Here are 10 things you can do to protect your SSN and your employees:
- Offer an Alternative – If a business or organization asks for your Social Security number, offer your driver’s license number instead. Other alternative forms of ID include a passport, proof of current and previous address (bills) or even a student ID from a college or university.
- Ask Questions – If the business insists, ask questions. You have a right to know why it’s necessary to provide your SSN and how it will be handled.
- Leave Your Card at Home – Don’t carry your card around with you in your wallet or purse. Don’t enter it into your phone, laptop or other device. It would be rare for you to need your card. Typically, reciting the number is all that’s required. Keep the number in your head and the card locked up at home.
- Shred Documents – Discarded mail and documents are a magnet for identity thieves. Don’t just throw out papers that contain personal details such as your Social Security number. Get a shredder at a discount or office supply store and use it on a regular basis. While you’re at it, don’t leave mail in an outside mailbox for long periods. Stealing mail before you get it is another way thieves can make off with your identity.
- Don’t Use it as a Password – In addition to not keeping the entire number on an electronic device, don’t use the whole number – or part of it – as a password. The password file can be stolen and decrypted, or someone can just watch you type it in from over your shoulder.

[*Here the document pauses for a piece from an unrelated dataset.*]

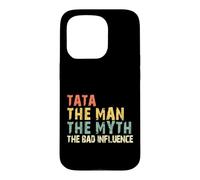 Tata The Man The Myth The Bad Influence Funny Vintage Case for iPhone 15 Pro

- Don’t Broadcast – Never type your Social Security number into an email or instant message and send it. The majority of email messages can be intercepted and read in transmission. Also, don’t leave a voice mail that includes your SSN. If you need to contact someone and give them your number, it’s best to do it in person. The second best way is to reach them on the phone and do it “live.”

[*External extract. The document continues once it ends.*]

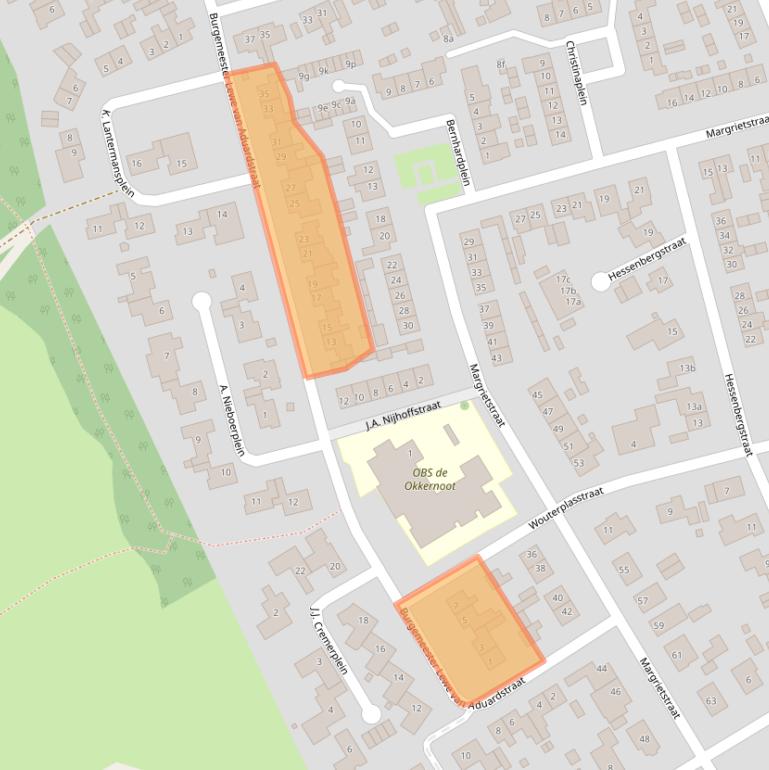 Kaart van postcodegebied 6671ZD.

- Don’t Give It Out – You should never provide your SSN to someone you don’t know who calls you on the phone and requests it. This same warning applies to unsolicited emails and any forms you fill out on the Internet. In general, don’t give your SSN to anyone unless you are absolutely certain he or she has a reason and a right to have it.
- Monitor Everything – Keep close tabs on your bank and credit card balances. This is one way to make sure your SSN and identity have not been compromised. Many banks let you sign up for account alerts. They will send you text alerts or call you if transactions exceed a certain amount or if someone tries to use your Social Security number to access your account.
- Use an Identity Protection Service – You can register with (and pay for) an identity protection service such as LifeLock, IdentityForce or Identity Guard. Such services provide identity insurance for a fee that typically starts around $10 per month. Banks and credit unions also have packages they sell to customers, as do major credit rating agencies such as Experian and TransUnion.
- Protect Your Children – While you are protecting your own Social Security number, make sure you are equally watchful about your children’s numbers. This is most often an issue at the doctor’s office. Fortunately, most medical facilities are more than happy to use an insurance account number instead of your SSN or your child’s.